Philippines Blocks Coinbase and Gemini Amid Wider Crackdown on Unlicensed VASPs

Philippines map with block icons over Coinbase and Gemini, a digital lock and regulatory papers

The Philippines blocked access to Coinbase and Gemini effective December 23, 2025, a move confirmed by regulators on December 24, 2025 that targets unlicensed virtual asset service providers (VASPs) and enforces existing licensing rules. The National Telecommunications Commission (NTC), acting under directives from the Bangko Sentral ng Pilipinas (BSP) and the Securities and Exchange Commission (SEC), signaled a pivot from informal tolerance to stricter enforcement of local virtual-asset regulations.

How the block works and what regulators are aiming to achieve

The NTC ordered Internet Service Providers (ISPs) to render the platforms inaccessible after regulators identified roughly 50 VASPs operating without authorization. The enforcement relies on network-level blocking that intercepts traffic and routes it to blocking servers, producing certificate errors and using HTTP Strict Transport Security (HSTS) to limit simple circumvention. The BSP and SEC directed the action to emphasize that operating in the Philippines without a VASP license is no longer viable. The stated direction is that unlicensed access at scale is being operationally shut down, not merely discouraged.
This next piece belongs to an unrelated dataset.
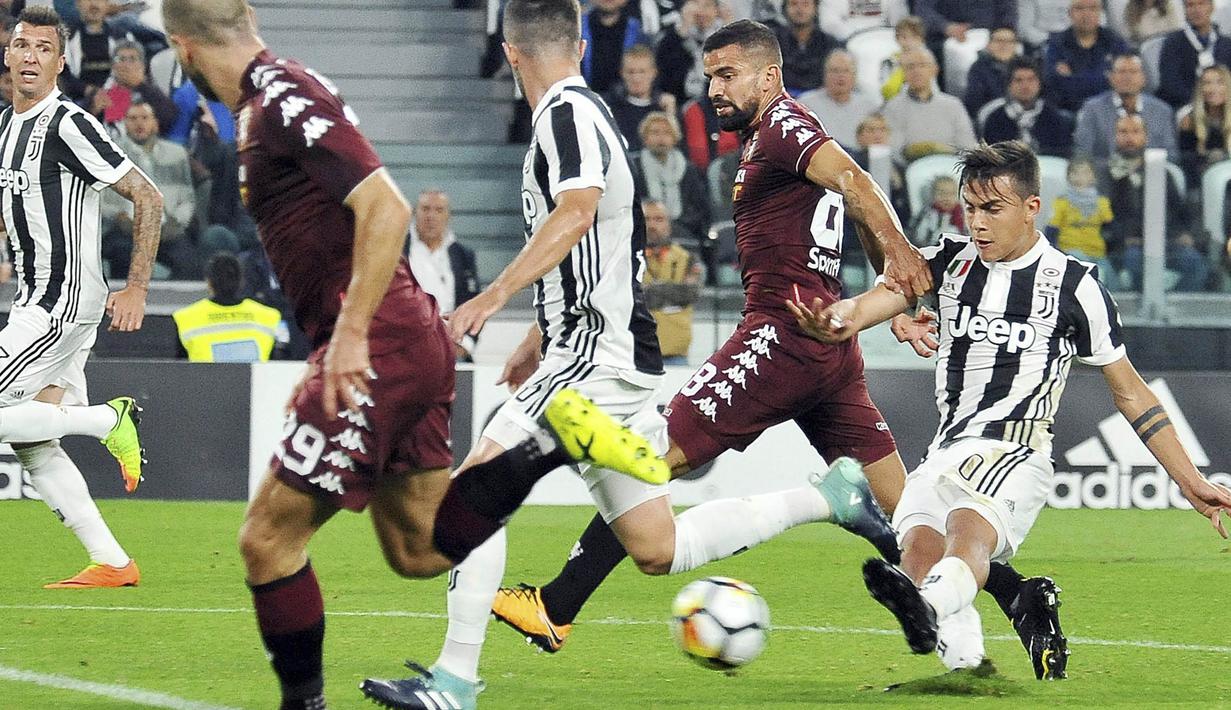 Striker Juventus, Paulo Dybala, melepaskan tendangan ke gawang Torino pada laga Serie A, Italia, di Stadion Allianz, Sabtu (23/9/2017). Juventus menang 4-0 atas Torino. (AP/Alessandro Di Marco)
Regulators positioned the move as part of a broader sweep rather than an isolated penalty. Authorities framed the objective as reducing financial crime, strengthening financial stability, and enforcing anti-money laundering (AML) and counter-terrorist-financing (CFT) obligations. The text also ties the approach to a wider trend of governments asserting control over cross-border digital finance. The message is that compliance expectations are tightening and enforcement is becoming more technical and immediate.
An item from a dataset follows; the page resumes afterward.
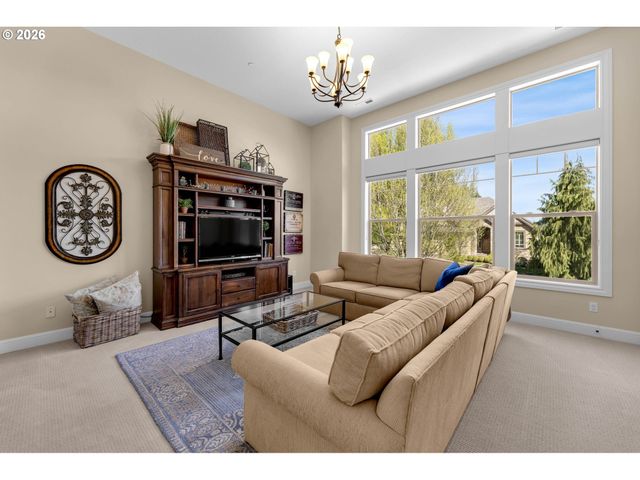 806 Nw 35TH Ave, Camas, WA 98607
The block extends beyond Coinbase and Gemini and includes platforms previously targeted or viewed as noncompliant. Binance was subject to a similar block in March 2024, and other platforms cited within the enforcement perimeter include OKX, Bybit, KuCoin, Kraken, MEXC, Bitget, Phemex, CoinEx, BitMart, and Poloniex. Users are being advised to migrate to locally registered exchanges, with Coins.ph and PDAX highlighted as regulated alternatives. The operational outcome implied by the guidance is a redirection of local activity toward licensed domestic venues.

For traders and institutions, the immediate impact is market structure degradation at the local level. Reduced access to global venues can translate into thinner liquidity and more fragmented order books for certain token pairs within the Philippines market. Hedging and derivatives users should expect operational friction that may force position adjustments and reduce cross-venue arbitrage opportunities. In practical execution terms, disruption can increase slippage and complicate large-order workflows.

For retail customers, the mechanics of the block introduce additional operational risk. Certificate errors and HSTS-based restrictions can increase confusion and elevate phishing risk as users search for alternative on-ramps and workarounds. The text argues that moving to licensed platforms reduces that security and operational exposure. The regulatory posture prioritizes compliance over short-term access, and the technical design of the block is intended to constrain channels that could facilitate illicit flows.

Overall, the NTC-led action formalizes a targeted phase of enforcement against roughly 50 unlicensed VASPs and clarifies the use of technical measures to enforce licensing rules. The near-term implication is tighter domestic control of on-ramps and a likely shift of trading volumes toward licensed local exchanges, with downstream effects on liquidity and hedging strategies.